ThebTron commented 2 years ago

Hi Viggo,

Thanks a lot for raising this issue! I think the problem is related to the base score of the gradient-boosted trees (GBRT) training. For more information https://stackoverflow.com/questions/47596486/xgboost-the-meaning-of-the-base-score-parameter

We need to read this constant value from the ONNX representation and add it to the output. I'll try to look at this in the coming days if I have some time. In the meantime, it seems that most GBRT algorithms use the mean of the training data as the base score. So for a quick fix, adding the mean to the output of the block should give the correct result.

import numpy as np
from sklearn.ensemble import GradientBoostingRegressor
from skl2onnx import convert_sklearn
from skl2onnx.common.data_types import FloatTensorType
import pyomo.environ as pyo
from omlt import OmltBlock
from omlt.gbt import GBTBigMFormulation, GradientBoostedTreeModel
import matplotlib.pyplot as plt

# Train simple model
x = np.array(range(101)).reshape(-1,1)
y = np.array(range(101))

model_gbt = GradientBoostingRegressor(n_estimators=5)
model_gbt.fit(x, y)

# Get predictions directly from model
y_pred = model_gbt.predict(np.array(range(100)).reshape(-1,1))

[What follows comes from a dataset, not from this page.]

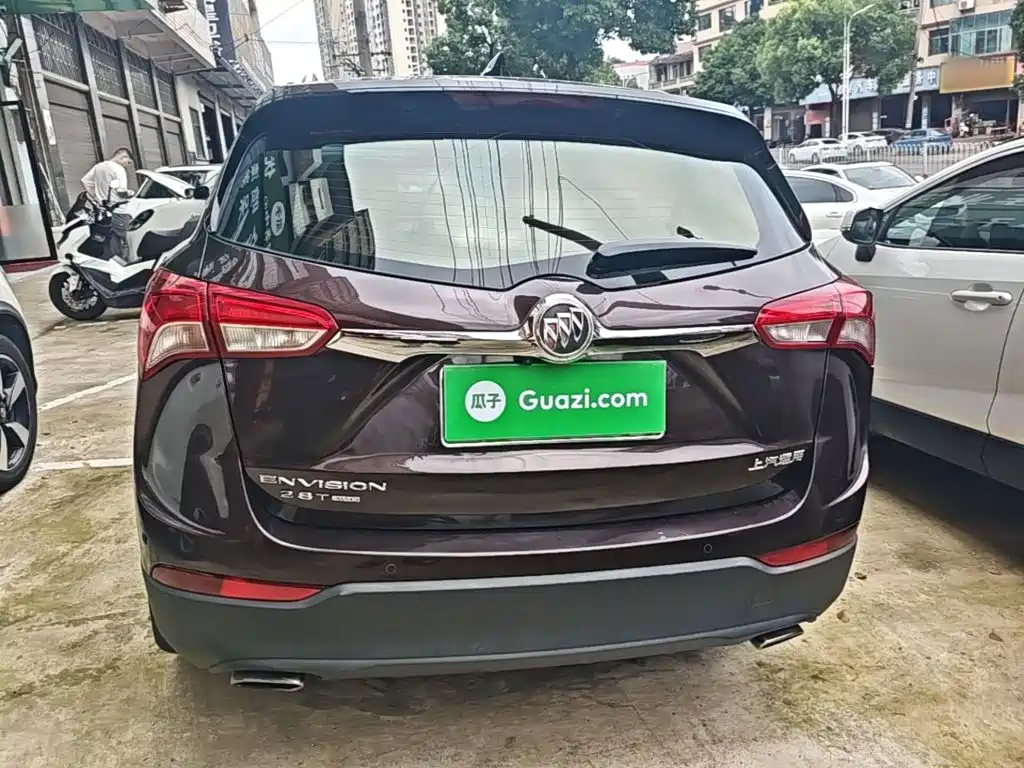 Buick Envision Plus — фото 6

# Get predictions from pyomo formulation
y_opt = []
for i in range(100):
    initial_type = [('float_input', FloatTensorType([None, 1]))]
    model_onx = convert_sklearn(model_gbt, initial_types=initial_type)

    m = pyo.ConcreteModel('Random GradientBoostingRegressor')

    m.gbt = OmltBlock()
    input_bounds = {0: (i, i)}  # Forces the input to equal the input from the previous prediction
    gbt_model = GradientBoostedTreeModel(model_onx, scaled_input_bounds=input_bounds)

    formulation = GBTBigMFormulation(gbt_model)
    m.gbt.build_formulation(formulation)

    m.obj = pyo.Objective(expr=0)

    solver = pyo.SolverFactory('cbc')
    status = solver.solve(m, tee=False)

    y_opt.append(m.gbt.outputs[0].value + np.mean(y))

# Plot predictions
plt.plot(y_pred)
plt.plot(y_opt)
plt.title('Predictions')
plt.legend(['Original model', 'Pyomo formulation'])

Output output

rmisener commented 2 years ago

@ThebTron fixed the issue. The problem is that each of the different libraries (lightgbm, scikit-learn, etc.) manage the constant value slightly differently. For example, lightgbm just adds the constant value to each node of the first tree whereas scikit-learn has an additional constant base score that is added to the prediction of the model.

We may see issues like this in the future for other tree libraries, it seems that each of them pass the constant value to ONNX slightly differently. ONNX tries to stay loyal to the formulations of the individual libraries and therefore the representations are all a bit different.